Quién iba a decir que uno de los compositores más prestigiosos de los últimos veinticinco años en España tendría la delicadeza de hacer formar parte de una primicia al rebosante aforo de Pachamama. Todos sabemos que las esperas deben producirse sin letargo, por si acaso en mitad de la noche, alguien toca la aldaba y sorprende al vigilante despistado. No fue el caso de los asistentes: así lo atestiguó el lleno en la tetería el pasado martes 21 para ver la primera vez que Pedro Guerra dedicó en exclusiva su actuación a la poesía, propia y ajena, distanciándose del repertorio musical de sus discos.
Aldo Méndez es algo más que el emblemático narrador a cuyas apariciones locales estamos habituados, y así lo demostró en la presentación con reminiscencias de archipiélago —Cuba y Canarias, tan cerca y tan de paso— que hizo de alfombra de terciopelo para la función. Salió Pablo Moreno en ciernes, guitarra en mano, a convencernos de que pronto será esta provincia la que exportará a Canarias, y a Cuba, tanto talento como el que los dos artistas que le acompañaron en la tarima han traído aquí, antecediéndole. Es lo que tiene lo bueno cuando empieza de cero: todo está por descubrir.
Pedro Guerra rememoró cómo en 2002, al tiempo que se decidía a componer sobre algunos de los textos de Ángel González, enseñó al docto poeta una incipiente lírica para la que aquel diagnosticó reposo. El elegante remate isleño cayó sobre ese mismo material, ya sosegado, que fue desgranándose poco a poco entre canción y canción: la evanescente nostalgia otoñal del Jerte, una deidad que vierte en Adís Abeba las raíces de la civilización, Navidad y cuando arreglábamos las cerámicas del portal en lugar de tirarlas. Guerra entre Guerra y Rimbaud, Donde pongo la vida pongo el fuego, duende que pelea en la tulipa por salir de las telarañas de Rubén Darío, que parece que acaba de despojar a París de todo su divismo. Fue pasando lista a las piezas el joyero, que mostró orgulloso los acabados de que ha conseguido dotar a alhajas mayores, y en gran cantidad escondidas, de la poesía española y universal. Entre ellos, unos versos de Sabina como enigmas, los mismos que han recibido de regalo las voces de tantos otros para que el mensaje llegue a todas las sensibilidades abiertas de orejas que lo escuchen.

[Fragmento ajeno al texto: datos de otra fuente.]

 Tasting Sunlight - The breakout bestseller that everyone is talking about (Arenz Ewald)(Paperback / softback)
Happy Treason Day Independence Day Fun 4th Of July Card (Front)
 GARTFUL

Es remarcable el poso intenso que Guerra ha puesto en el ejercicio de prestarnos las estrofas como dejando en nuestras manos un secreto a voces. Luego Luis García Montero, y las evocaciones que rodean a cada ejercicio musical, y la inercia inundando el escenario de un Pachamama que asistió a la naturalidad asombrosa de un creador maduro y reposado, contrario a las estridencias y a las palabras vacías, corroído por Borges, Rimbaud y el escepticismo de una Daniela colmada de puertas que no sabe cuál abrir y deja, sagaz, la responsabilidad al visitante.

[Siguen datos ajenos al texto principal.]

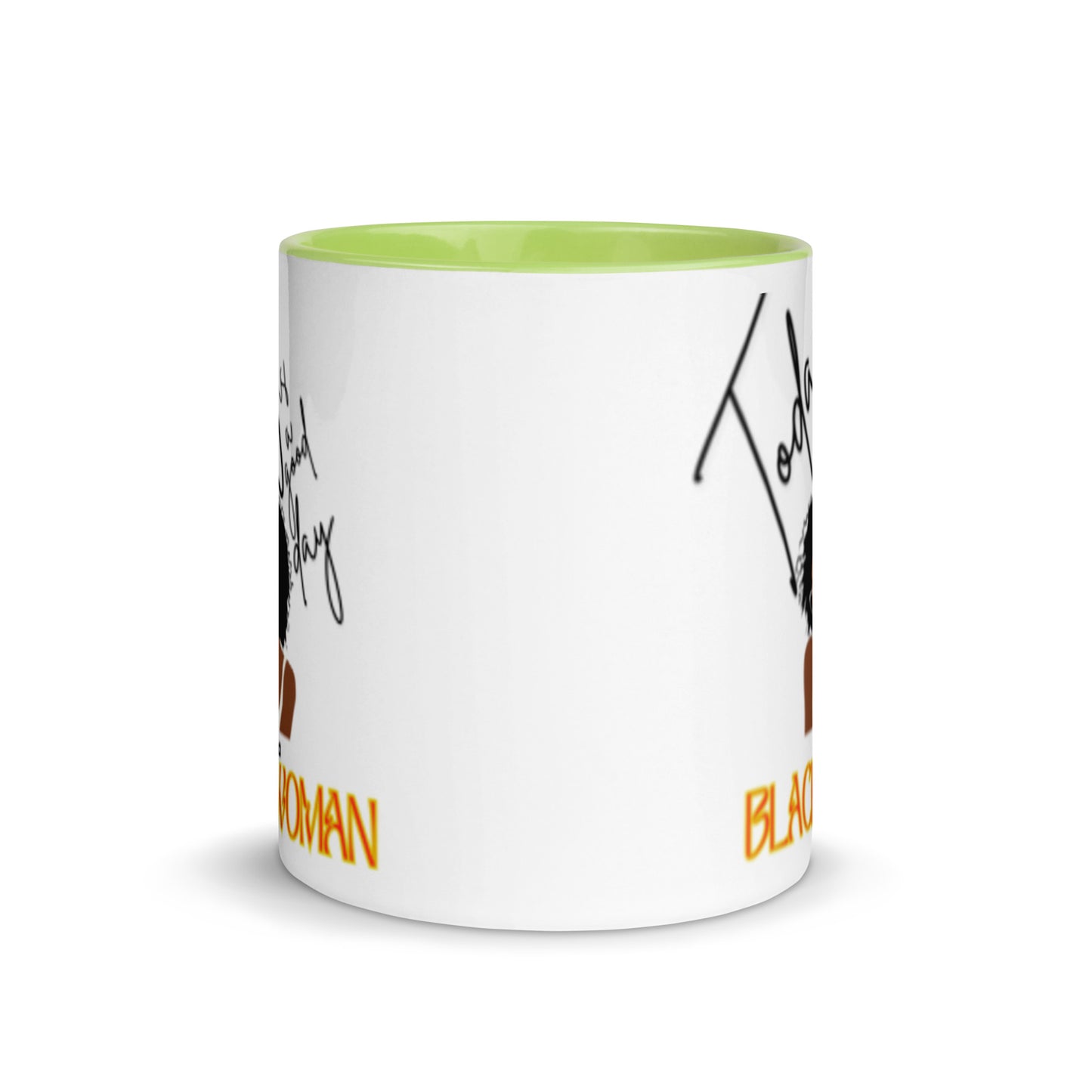 Today is a Good Day to be a Black Woman Mug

“Matilde acabó por tirarse en el río” y el eco tocó a su fin. Los aplausos casi eran algo anecdótico al lado de la comodidad de un autor y un público que se propusieron mutuamente el reencuentro. Y lo que decíamos del simbolismo: Contamíname sonó al final de la noche. Volvieron otra vez a nosotros los espejismos, los naufragadores. Qué somos —desmemoria— si dejamos nuestro anhelo olvidado en mitad del brusco océano.
Pedro Manuel Guerra (voz, guitarra). Tetería Pachamama. Ciudad Real, 23 de febrero.